He has a surprisingly optimistic outlook on life, despite being imprisoned for 17 and a half, call it almost 18 years. He's a positive person. He likes to make people smile. I know he likes to make me smile. And he has a grounded faith that he says gets him through each day. Meeting together face to face in late August on the outdoor patio of a hotel in Louisville, Kentucky was no problem for him.

We talked it over and planned it out a few weeks ahead of time, and we met two days before his 62nd birthday.

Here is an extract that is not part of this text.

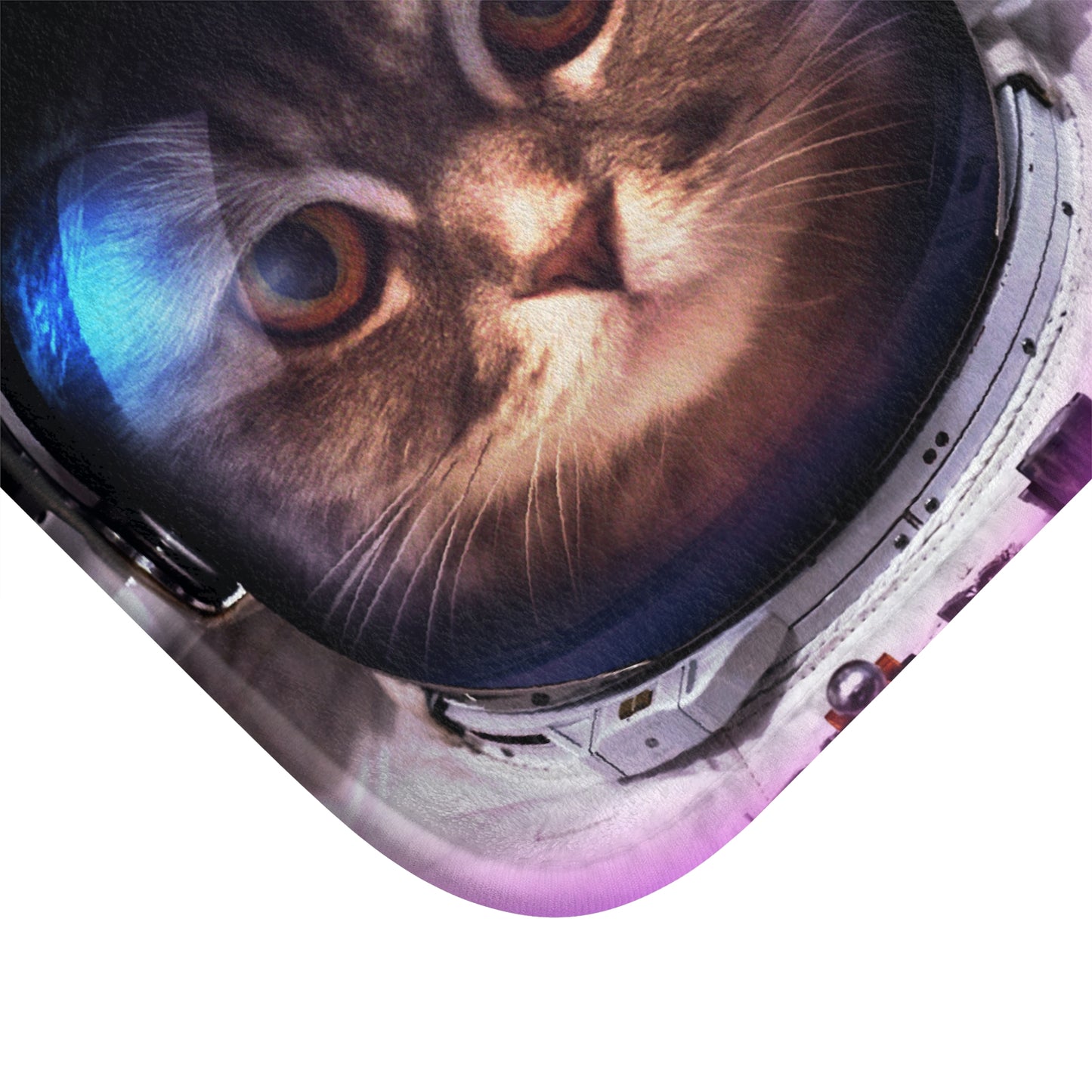 Space Kitty - The game is still on HODL bath mat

And come Monday, one thing I know, my mother will give me a phone call and sing happy birthday and want to pick at me, you know, like how it feels to be at my age, right? And I'm starting to think, she's picking at me? And she's older than me? What do I do? You know what I'm saying? It brings joy to me to actually get a laugh with her from time to time.

That kind of laughter and small moments of joy, appreciating family who's always stuck by him, are naturally just who Cliff is. He's easygoing and cheerful. But when he's not visiting his mom or sisters in North Carolina, for the most part, Cliff keeps to himself. He enjoys time alone, driving his truck, just being on the road. It's a thing that they usually say about men and women that stay in prison for a long period of time, they become institutionalized.

in some form or fashion. And with me, I just like having my time to myself a lot. You know, I'm not anti-social by no means. I'm not that. But, you know, I like being able to sit down at the end of some days and just reflect on my day, the good and the bad, and the in-between.

I have to admit, it took Cliff a while to warm up to me. Me, a complete stranger, and a journalist who cold-called him at night and asked him if he murdered a woman in Manteo in 1990. We couldn't be a more unlikely pair, except for the fact that we both grew up in the same area of eastern North Carolina. We both know Dare County. But even with that in common, we had seriously different upbringings.

Over the past few months, we've gotten to the point where we can swap stories, talk about our faith, political views, and yeah, even our parents picking at us on our birthdays. After several interviews, Cliff went from someone who didn't want to talk in detail much about his life story to being willing to publicly share his experience in the criminal justice system.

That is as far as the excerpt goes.